Cross-validated scores: [0.83414634 0.85365854 0.84878049 0.85294118 0.81773399 0.81280788
 0.82758621 0.84653465 0.80693069 0.88118812]
Mean of Ccoss-validated scores: 0.8382308086488516


### 4. TF-IDF

Let's see if TF-IDF improves the accuracy.

- Initialize a TF-IDF Vectorizer and repeat the analysis above.
- Does the score improve with respect to the count vectorizer? 
- Print out the number of features for this model.

**BONUS:**
- Change the parameters of either (or both!) models to improve your score.

In [None]:
from sklearn.feature_extraction.text import TfidfVectorizer
tvec = TfidfVectorizer(stop_words='english', norm='l2')
tvec.fit(data_train.data)


In [None]:
df = pd.DataFrame(tvec.transform(data_train.data).todense(),
                  columns=tvec.get_feature_names(),
                  )
df.transpose().sort_values(0, ascending=False).transpose()


### 5. Classifier comparison

Of all the vectorizers tested above, choose one that has a reasonable performance with a manageable number of features and compare the performance of these models:

- KNN
- Logistic Regression
- Decision Trees
- Support Vector Machine
- Random Forest
- Extra Trees

In order to speed up the calculation it's better to vectorize the data only once and then compare the models.

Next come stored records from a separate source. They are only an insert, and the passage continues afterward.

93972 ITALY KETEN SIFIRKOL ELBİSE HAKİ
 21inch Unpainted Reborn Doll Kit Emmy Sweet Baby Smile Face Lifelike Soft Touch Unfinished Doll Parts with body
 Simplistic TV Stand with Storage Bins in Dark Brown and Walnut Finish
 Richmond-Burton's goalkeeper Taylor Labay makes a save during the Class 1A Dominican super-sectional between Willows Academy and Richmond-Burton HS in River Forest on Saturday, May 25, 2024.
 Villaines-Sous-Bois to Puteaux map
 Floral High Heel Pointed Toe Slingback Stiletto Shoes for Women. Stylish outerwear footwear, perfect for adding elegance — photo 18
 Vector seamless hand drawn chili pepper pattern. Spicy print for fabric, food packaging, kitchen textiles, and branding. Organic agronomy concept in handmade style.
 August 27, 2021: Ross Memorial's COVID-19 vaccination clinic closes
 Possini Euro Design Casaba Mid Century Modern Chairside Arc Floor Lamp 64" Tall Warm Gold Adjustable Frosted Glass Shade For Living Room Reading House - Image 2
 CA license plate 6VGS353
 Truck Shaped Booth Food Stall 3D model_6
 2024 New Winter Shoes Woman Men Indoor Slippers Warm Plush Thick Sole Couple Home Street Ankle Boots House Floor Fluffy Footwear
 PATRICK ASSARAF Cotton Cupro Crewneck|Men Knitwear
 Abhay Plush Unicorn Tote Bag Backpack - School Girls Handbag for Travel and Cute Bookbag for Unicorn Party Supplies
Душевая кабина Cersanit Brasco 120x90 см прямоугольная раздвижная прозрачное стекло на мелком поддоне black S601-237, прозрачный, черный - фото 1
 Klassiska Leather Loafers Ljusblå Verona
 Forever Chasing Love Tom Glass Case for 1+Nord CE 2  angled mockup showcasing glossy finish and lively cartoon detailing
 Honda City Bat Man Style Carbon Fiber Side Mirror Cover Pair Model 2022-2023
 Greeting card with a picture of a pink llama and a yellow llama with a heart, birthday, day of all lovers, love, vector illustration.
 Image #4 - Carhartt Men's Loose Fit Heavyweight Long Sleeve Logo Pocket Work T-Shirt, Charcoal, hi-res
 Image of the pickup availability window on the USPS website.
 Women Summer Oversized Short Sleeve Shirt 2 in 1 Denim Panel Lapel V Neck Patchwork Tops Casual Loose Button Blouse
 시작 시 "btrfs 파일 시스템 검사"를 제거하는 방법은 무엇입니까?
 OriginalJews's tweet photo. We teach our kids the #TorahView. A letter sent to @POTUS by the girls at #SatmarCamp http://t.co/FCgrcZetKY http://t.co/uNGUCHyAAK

### Bonus: Other classifiers

Adapt the code from [this example](https://scikit-learn.org/stable/auto_examples/text/plot_document_classification_20newsgroups.html#sphx-glr-auto-examples-text-plot-document-classification-20newsgroups-py) to compare across all the classifiers suggested and to display the final plot

### Bonus: 

- #### Fit a model to the 20newsgroups dataset with all classes

- #### Choose texts, for example from newspaper articles, and check what is the class label predicted for them. Does the predicted label meet your expectations?